Gary Wise learned old farming ways and a love of the lifestyle from his Grandpa, a traditional North Carolina farmer in Duplin County. He kept a little livestock, and worked what he could in produce through June before shifting his energy to the cash crop of the time, tobacco.
Though only 43 years old, Gary vividly remembers a massive produce market in their little town of Faison that was one of the biggest in the southeast. “I am not exaggerating – you could stand in one spot and see trucks lined up for half a mile in every direction. It was an astounding scene.”

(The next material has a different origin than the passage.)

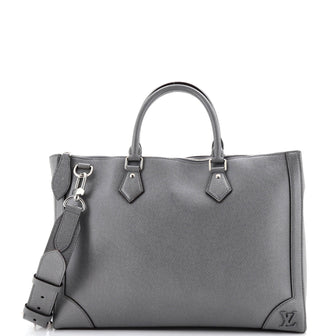 Louis Vuitton Slim Briefcase Taiga Leather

Coming up in the 1980’s, when there was no real money in farming, Gary put his degree from NC State to work teaching 9th graders geography and civics at the high school he graduated from. So he shaped young minds for 3 years, just long enough to meet his wife, who also taught at the school. Then one day at the farmers’ market, he suddenly wondered to himself, “Why am I not doing this myself?”
A New Path
So he decided to team up with his parents, William and Helen, and got back to working the core piece of land that’s been in his family for 4 generations now. As they expanded their family business, more land began to open up around them. “Daddy went off and bought an additional 30 acres in 2012, which surprised me given his age. So I decided to follow suit and picked up another 38 of my own.” Now they’re on about 150 acres total, owning around 125 of that.
While Wise Farms continue to grow every year, they’re also mindful of maintaining healthy growing practices, and have continued to acquire land so as to have more to rotate between to mitigate disease, insect predation, and nutrient depletion. Though some methods have modernized, Gary still uses a lot of what he learned from his Grandpa. And he sometimes wishes, in keeping with his memories of the old days on the farm, he didn’t have to put so much time into marketing. “Back then we would just take what we had to market, sell it, and could get back to the farm.”
Why partner with Farmer Foodshare?
In addition to the benefit of giving back to the community, farmers receive marketing assistance and training about how to present their items for the POP Market audience. Although the old days on the farm required less marketing, they also had zero control over the price they received, which is a more recent change in market structure that has enabled the resurgence in local farms and food. In addition to a daily presence at the State Farmers Market in Raleigh, Wise Farms also sells to a handful of large buyers, including POP Market. However, many of those large buyers are purchasing different things each week, and sometimes none at all, depending on their needs. Because POP Market buys produce from them twice a week, it’s allowed them to be able to plan for where the food is going to go and when it will be sold. “Farmer Foodshare has become one of our bigger buyers. And you’re buying consistently, unlike some of our other large buyers, which really helps in production planning and budgeting.” And it’s perfect for Farmer Foodshare too, because our customers love the produce they receive from Wise Farms.